= Oddbjørn Snøfugl =

Norwegian politician

Oddbjørn Snøfugl (2 October 1941 - 14 December 2022) was a Norwegian school principal and politician for the Centre Party.

He grew up in Buvika at the Snøfugl farm. Not wanting a career as a farmer, he took the examen artium at Orkdal landsgymnas, tried working as a teacher in Bangsund and enrolled at the Norwegian Teachers' College. He graduated in 1971 with the cand.philol. degree, his graduate thesis in English being Edward Albee's play Box and Quotations from Chairman Mao Tse Tung: an analysis.

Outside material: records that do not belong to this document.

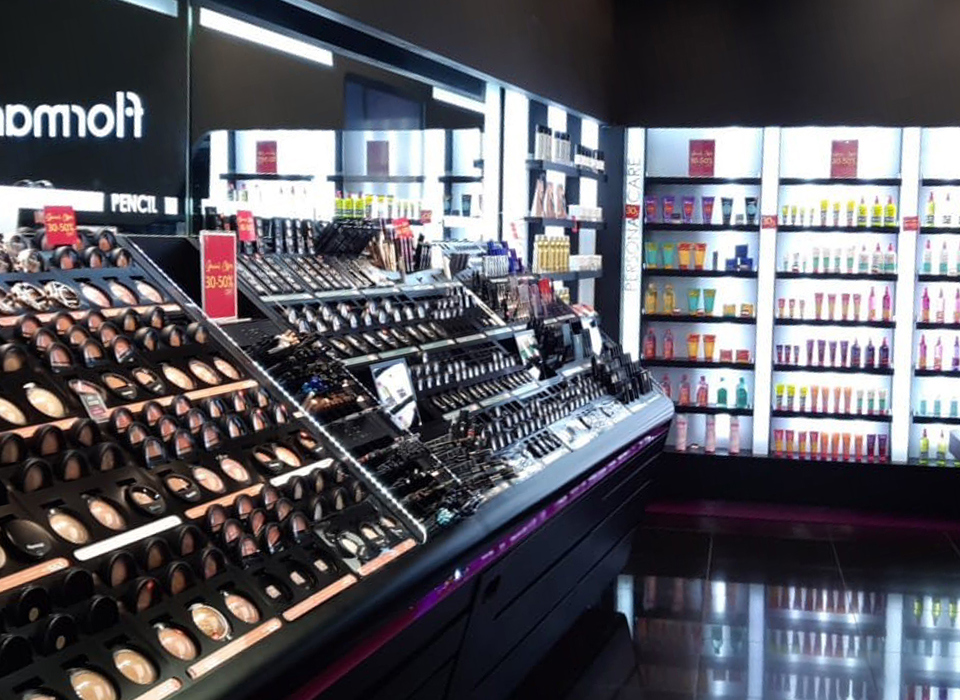 Flormar IMG3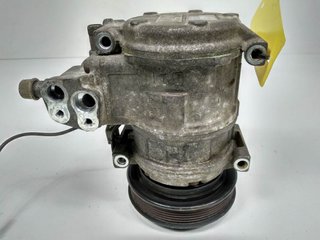 COMPRESOR AIRE ACONDICIONADO JEEP JEEP GR.CHEROKEE (ZJ)/(Z) 1993-1999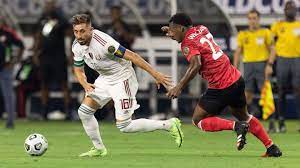 Jul 04, 2021 · get a report of the mexico vs. Mexico Vs Guatemala How To Watch On Tv Live Stream Us Uk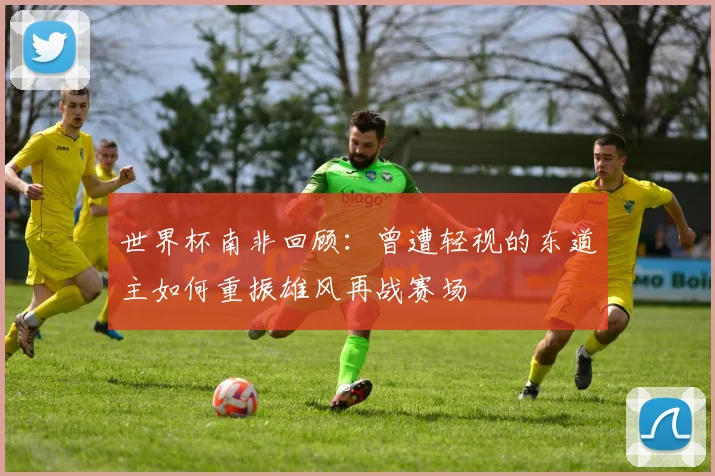 世界杯南非回顾：曾遭轻视的东道主如何重振雄风再战赛场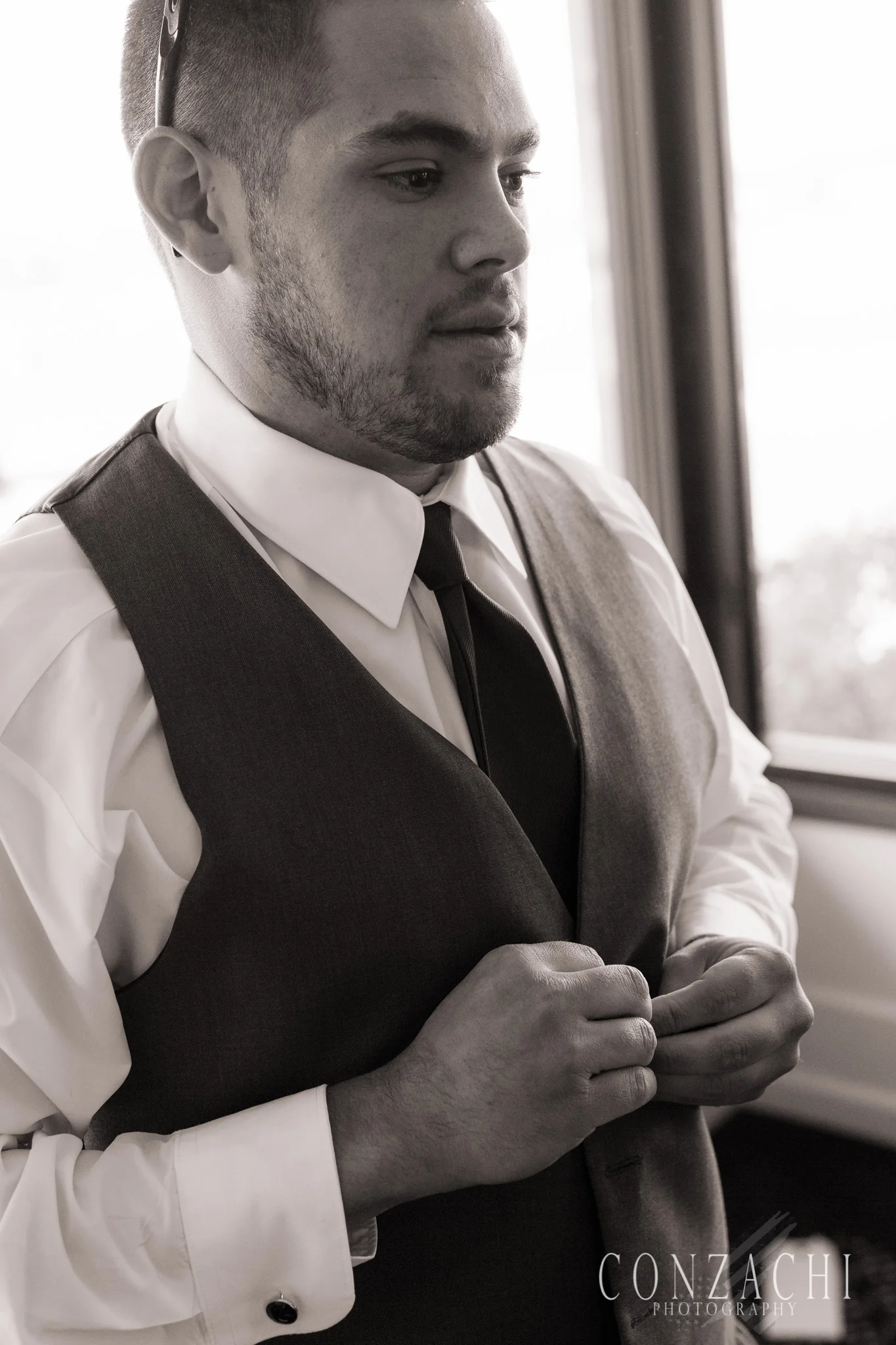 Cuara Wedding Sneak Peek-0043.jpg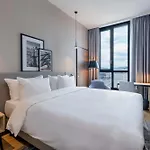 Radisson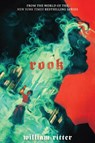 Rook - William Ritter - 9781523526765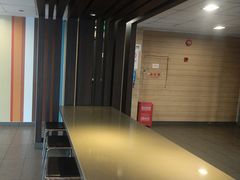 -麦当劳(乳山路店)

Snøfugl was hired as a teacher at Støren Secondary School, later Støren Upper Secondary School. In 1984 he was hired as headmaster of Melhus Upper Secondary School. He was recruited to Vinstra Upper Secondary School as headmaster in 1992. Moving to Lillehammer Municipality, he also worked in Oppland County Municipality as school director and vice chief administrative officer.

Following the 1975 Norwegian local elections, Snøfugl was elected mayor of Midtre Gauldal Municipality. He edged out Labour's Inge Grav with a 18-16 vote between the members of the municipal council. After a four-year term he stepped down and was replaced by his Centre party colleague Anders Storrøsæter. He served as a deputy representative to the Parliament of Norway from Sør-Trøndelag during the term 1969-1973. In total he met during 6 days of parliamentary session.

After retiring, Snøfugl wrote three books, one of them about a missionary in India, Johan Ofstad. Snøfugl also spent two years editing the local history yearbook Gauldalsminne. He resided in Støren.